No faltará quien diga que también los animales
sonríen. En parte es cierto, pero los animales tienen otro tipo de
expresividad, raramente intencionada, dado el grado de transparencia que parece
existir entre sus impulsos y sus gestos, que no siempre sabemos entender. Tan
enigmáticos han de ser los códigos gestuales de los animales como suelen serlo
las sonrisas, aun en los seres humanos. La cultura nos enseña que si hay una
sonrisa enigmática por excelencia, se la debemos a Da Vinci. No estoy en
desacuerdo, pero siempre hay algo de reductor en los iconos que nos desconecta
del aire, del instante en que ocurren las cosas y las llena de
naturalidad. La sonrisa de la Gioconda
se nos aparece de pronto como un símbolo de la belleza o de la experiencia y
perfección artísticas. Repito que no estoy en desacuerdo, pero me sigue pesando
la etiqueta, como me pesa su artificialidad. Gracias a las etiquetas y a
representaciones como ésta nuestra visión del mundo se automatiza: los poetas
aprendieron a hacer de la sonrisa un lugar común en el que podría encontrarse
la belleza; los jóvenes que quieran ligar hoy no podrán dejar de mencionarla si
quieren obtener algún éxito. La alusión a la sonrisa se vuelve parte de un
repertorio que remite a los valores de lo bello, de lo empático, del bienestar,
e incluso de lo femenino; sus giros irónicos son también fáciles de identificar
socialmente, y aún así, cada gesto es tan rico y único que es capaz de
resistirse a las significaciones que normalmente les atribuimos.

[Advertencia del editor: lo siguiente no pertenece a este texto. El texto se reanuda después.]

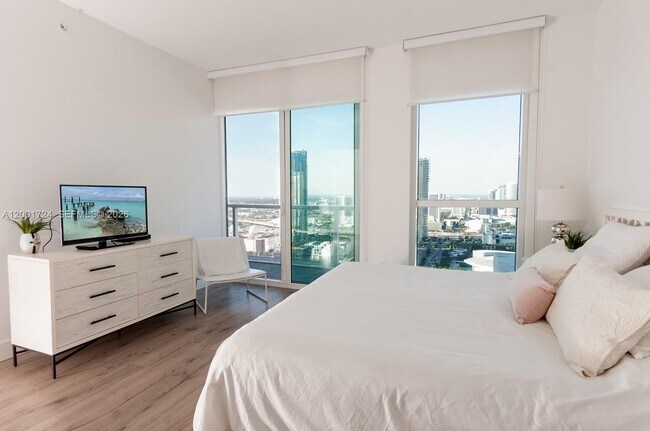 Building Photo - 244 Biscayne Blvd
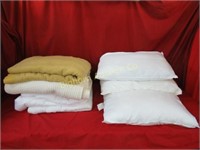 Mattress Pads, Blankets, Pillows - 8pc lot
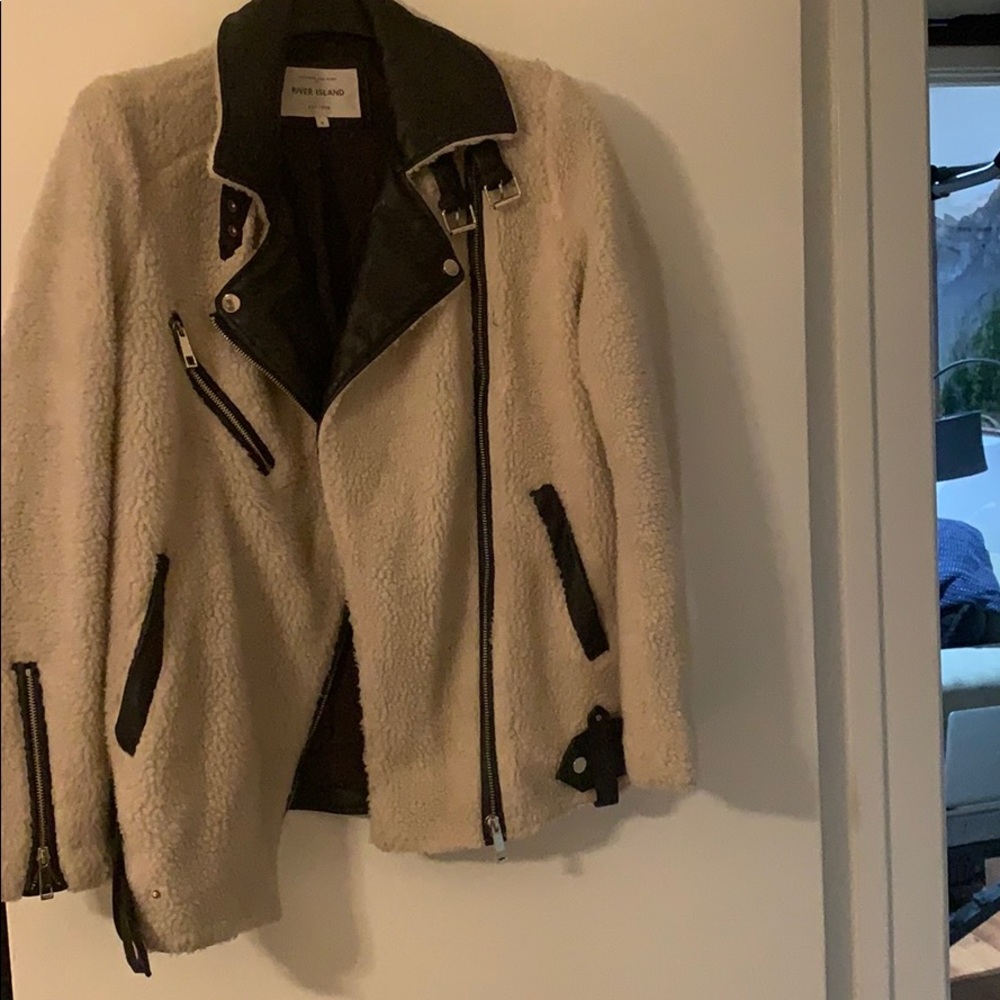 SOLD! River island faux shearling oversized jacket
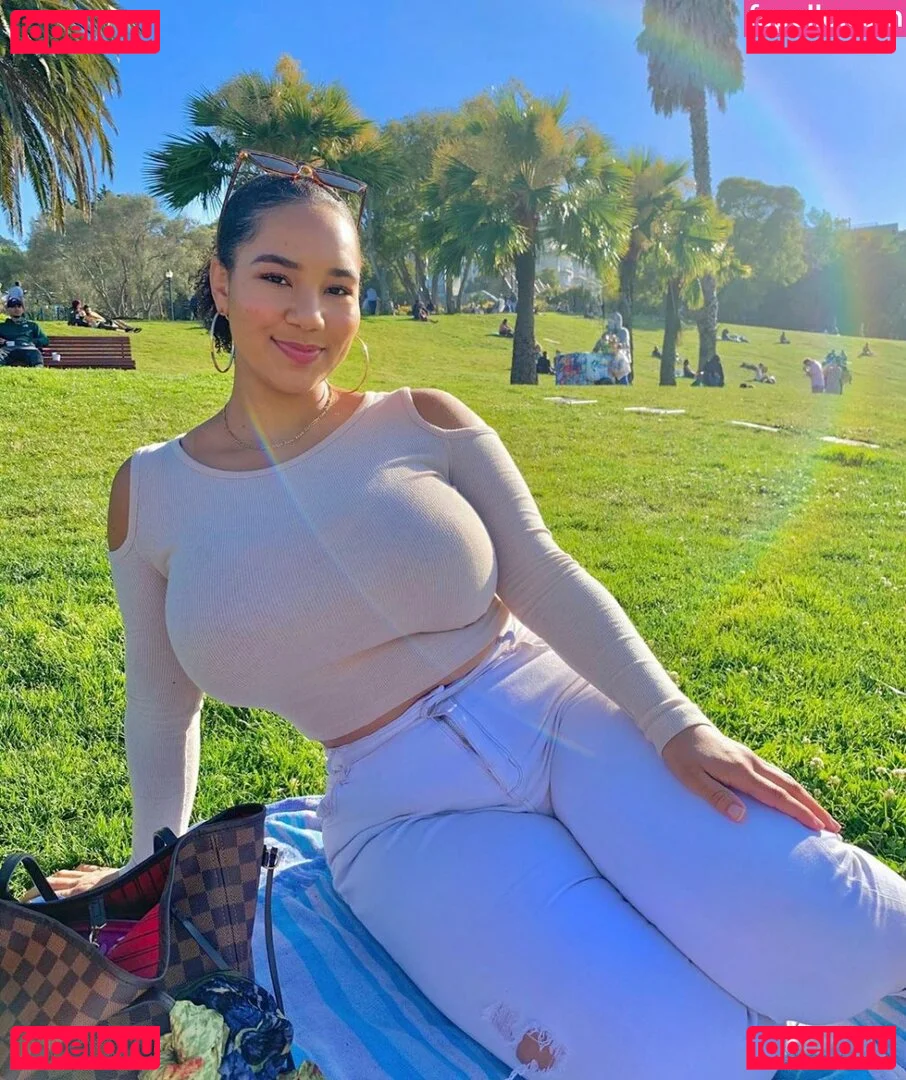 Katelyn Folasade Onlyfans Photo Gallery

Hoy, por ejemplo, me tocó ver una sonrisa que
escaparía a cualquier semiótica. Tal vez no logre explicar bien el fenómeno
(tomen en cuenta que si uso esta palabra, es precisamente porque me pareció
fenomenal). Si tratan de anticiparse, lectores, a imaginar una sonrisa femenina
y coqueta, se llevarán un chasco. La cosa estuvo más o menos así:
Venía de vuelta del trabajo, al bajar del Metrobús
atravesé la calle y di unos pasos. Un hombre se sentaba en una jardinera; un
hombre viejo, humilde, barbado. Sus posaderas lentamente descendían hacia la
jardinera. Llegaron. Su cuello se estiró y su cabeza comenzó a levantarse, como
si mirara al cielo. Entonces comenzó el esbozo de ese gesto, su boca se abrió y
dejó ver unos dientes amarillentos que hacían juego con el brillo que sus ojos
recibían del cielo, al cual ya miraba decididamente.
Me hubiera gustado ser un buen fotógrafo para captar
esa sonrisa. Para atrapar la sensación reconfortante que me comunicó y me hizo
simpático a un hombre que no había visto antes y quizá no vuelva nunca a ver.
Puede ser que el hombre sólo se alegrara por haber dado descanso a sus piernas;
puede que haya llegado ahí tras una larga jornada nocturna o un viaje fatigoso.
No sé, y tampoco sé si radique en ello el enigma del gesto: una sonrisa
totalmente natural, no intencionada ni dirigida; un acto reflejo tal vez, que
parecía por otra parte una ofrenda de gratitud hacia algo inmenso,
incomprensible e impronunciable; una especie de providencia cuya bondad pudiera
darnos, junto con el cansancio, el reposo; y con las penas, las dichas del
humilde.
Despeguen las etiquetas que asocien la belleza a la
mujer y a la juventud, quítenle la ejemplaridad a las sonrisas perladas, a los
ojos de azabache y esmeralda. Lo bello es también cuestión de momentos, o si lo
prefieren, cuestión de miradas: desde este balcón, al menos desde el que se me
ofreció esta mañana, la belleza es amarilla y vieja, desdentada quizá, libre de
toda pretensión de ser idolatrada. Quizá no sean mis palabras el más adecuado
instrumento para hacerlo, pero una belleza así, guardada en la memoria, podría
muy bien salvarse de la corrupción, virtud perenne de lo ya marchito que
agradece el mundo, el día, el alivio del dolor y del cansancio.